Attacks in adversarial machine learning can be of different types:
- Black Box attacks: when you don’t have access to informations about the model, you just have access to the outputs for your inputs
- White Box attacks: you have access to the model parameters
A reason why a model such as DALLE-2 is hidden behind an API can be to block White Box attacks. Black Box attacks though are still possible, and the methodology behind the paper Discovering the Hidden Vocabulary of DALLE-2 can be considered as such.
By finding an attack vector (eg a piece of hidden vocabulary), it may become possible to generate explicit content with DALLE-2, even though the prompts are filtered, as stated in DALLE-2’s Risk and Limitations document.
Machine Learning Hygiene
A few decades ago, people working with computers were computer scientists, now most jobs need you to work with computers. Knowledge about computer science, programmation, and cybersecurity have become very valuable and common even for people that work jobs that aren’t strictly computer science-related.
One can argue that machine learning is on track to have the same future.
Nowadays those using machine learning in their job are mostly what we call machine learning engineers, but models tend to be used as ways to assists people in their jobs.
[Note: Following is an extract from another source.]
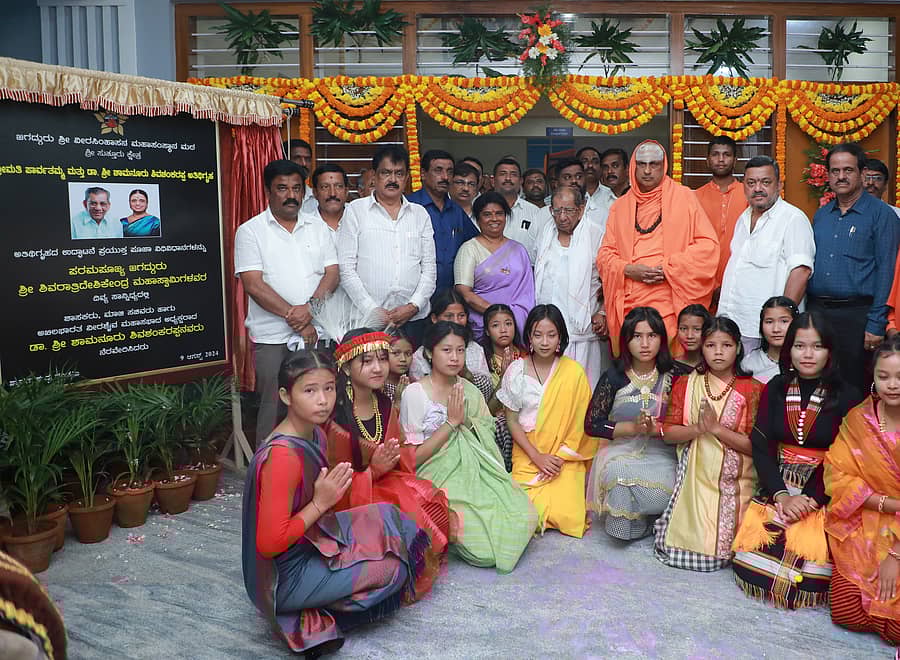 2024ರ ಆಗಸ್ಟ್ನಲ್ಲಿ ಮೈಸೂರು ಜಿಲ್ಲೆಯ ನಂಜನಗೂಡು ತಾಲ್ಲೂಕಿನ ಸುತ್ತೂರು ಮಠದಲ್ಲಿ ‘ಪಾರ್ವತಮ್ಮ ಮತ್ತು ಶಾಮನೂರು ಶಿವಶಂಕರಪ್ಪ ಅತಿಥಿಗೃಹ’ ಉದ್ಘಾಟನೆ ಕಾರ್ಯಕ್ರಮದಲ್ಲಿ ಭಾಗಿಯಾಗಿದ್ದ ಶಾಸಕ ಶಾಮನೂರು ಶಿವಶಂಕರಪ್ಪ, ಶಿವರಾತ್ರಿ ದೇಶಿಕೇಂದ್ರ ಸ್ವಾಮೀಜಿ ಹಾಗೂ ಸಚಿವ ಎಸ್.ಎಸ್. ಮಲ್ಲಿಕಾರ್ಜುನ್ (ಸಂಗ್ರಹ ಚಿತ್ರ)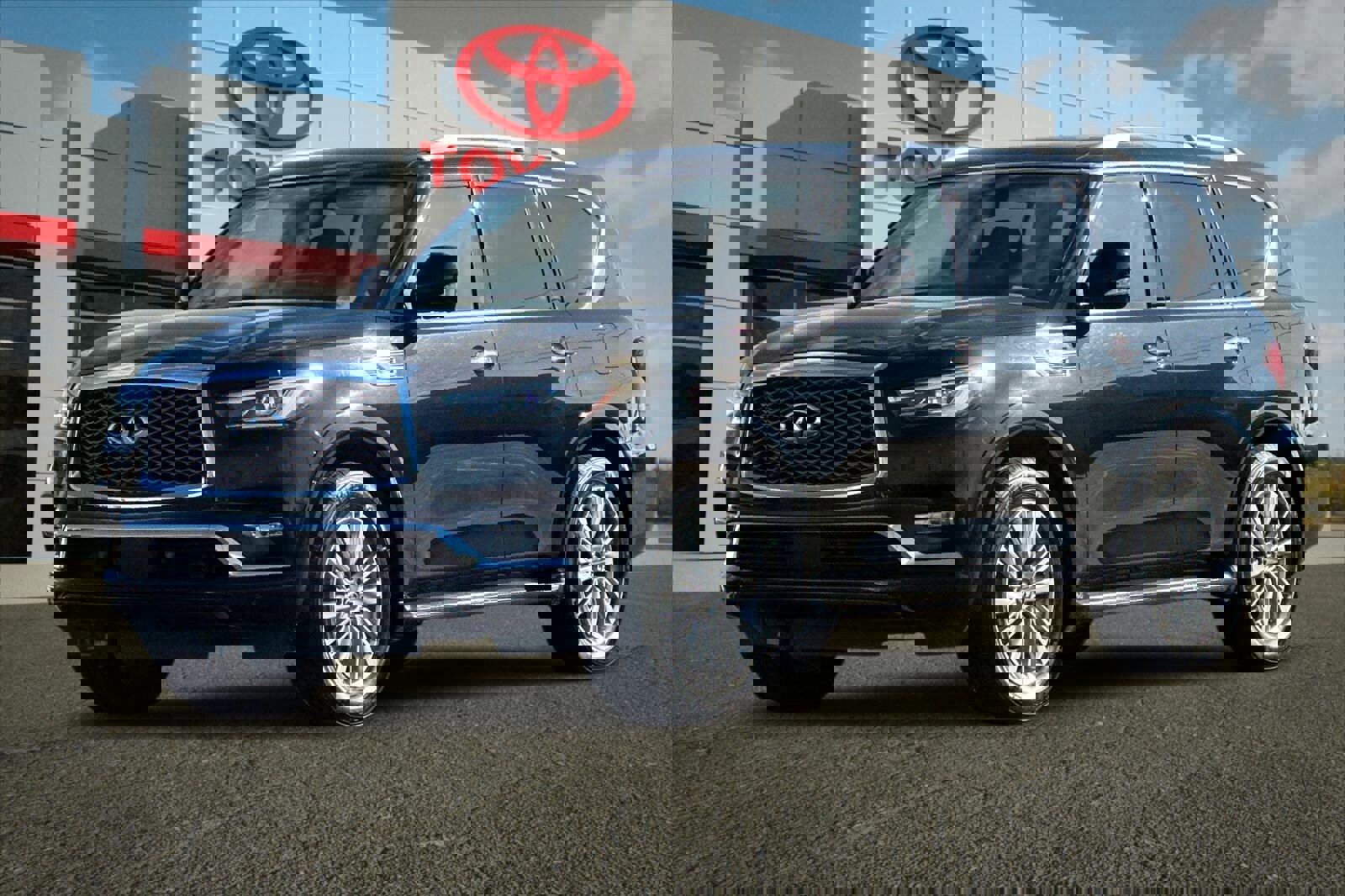 Used 2023 INFINITI QX80 Luxe w/ Cargo Package image 7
You can find artists using models to generate ideas to work with, and journalists using models to generate extractive summaries.
Knowledge about machine learning such as latent spaces, hidden vocabularies and prompt engineering, might become valuable for a growing number of jobs and every-day uses.
Just like everyone using a computer should have a good cyber hygiene in order to prevent malicious events, everyone using a machine learning model should have a good machine learning hygiene. That could mean knowing about the limitations and biases of the models they use and the potential misuses.
In other words, learning the models’ language.